# Problem to work on
Reproduce, word for word, the lines in the material below starting with the one that has "Used 2026 Nissan Rogue SL AWD/4WD image 23" and going on through the one that has "Gemütliche Waldhütte mit Veranda". Leave out all pictures.

# Exercise input
- Opening Delimiter -

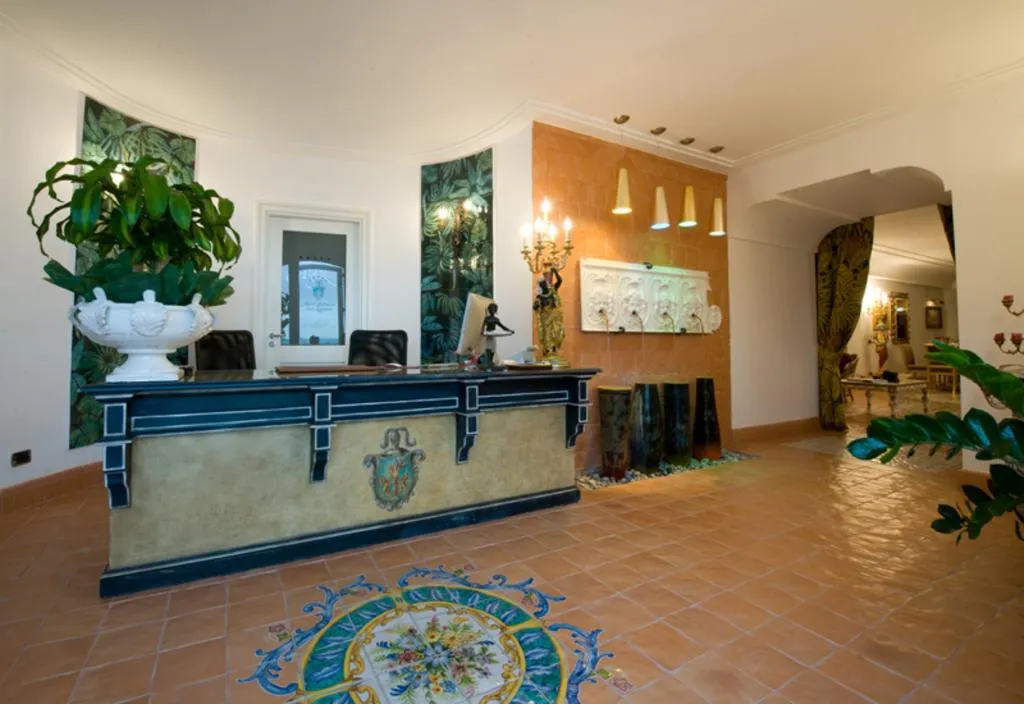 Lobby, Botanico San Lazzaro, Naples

- Closing Delimiter -
- Opening Delimiter -

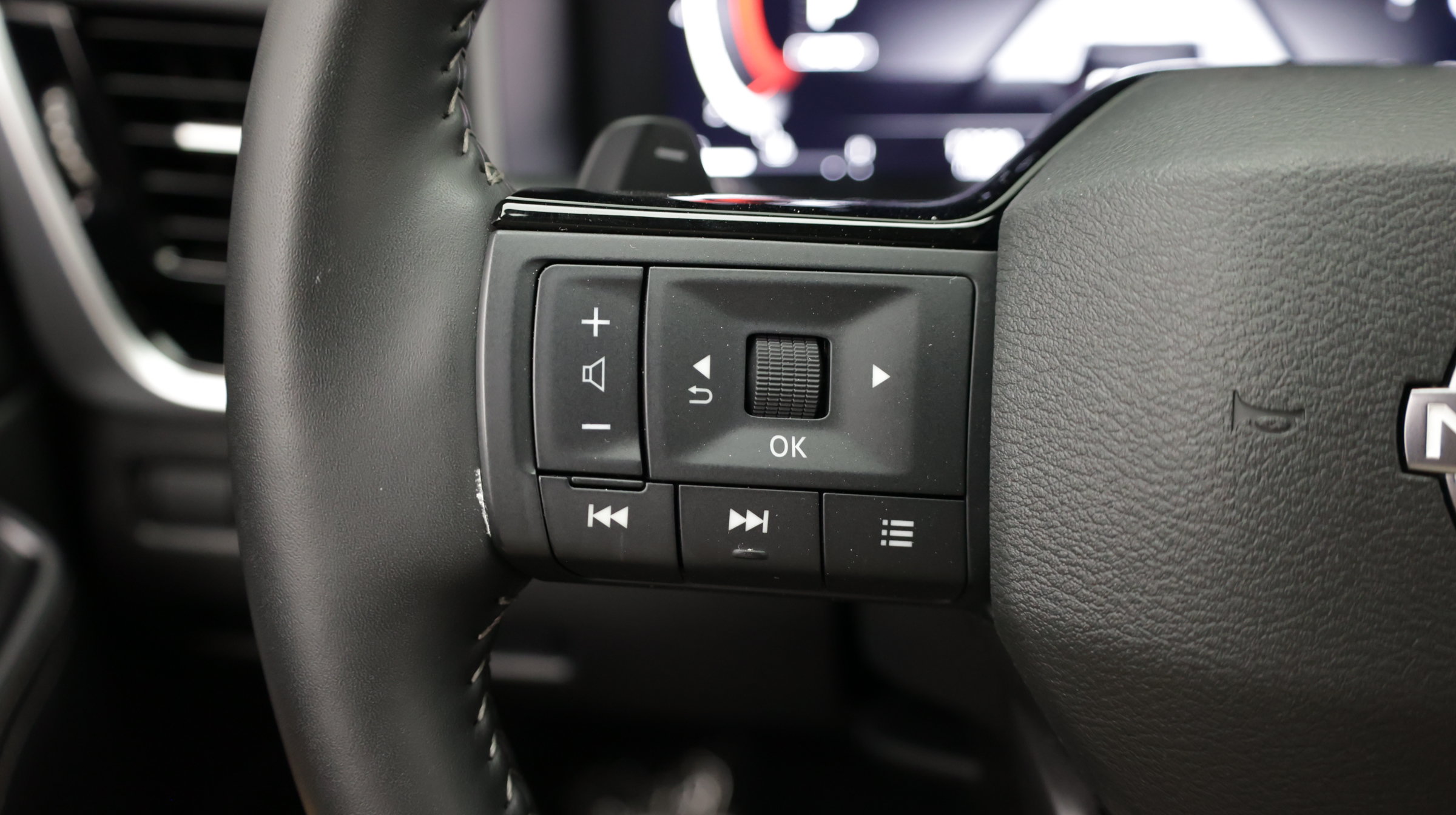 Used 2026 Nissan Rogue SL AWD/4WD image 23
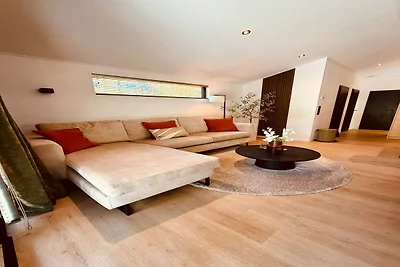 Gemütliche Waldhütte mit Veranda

- Closing Delimiter -

# Task solution
 Used 2026 Nissan Rogue SL AWD/4WD image 23
 Gemütliche Waldhütte mit Veranda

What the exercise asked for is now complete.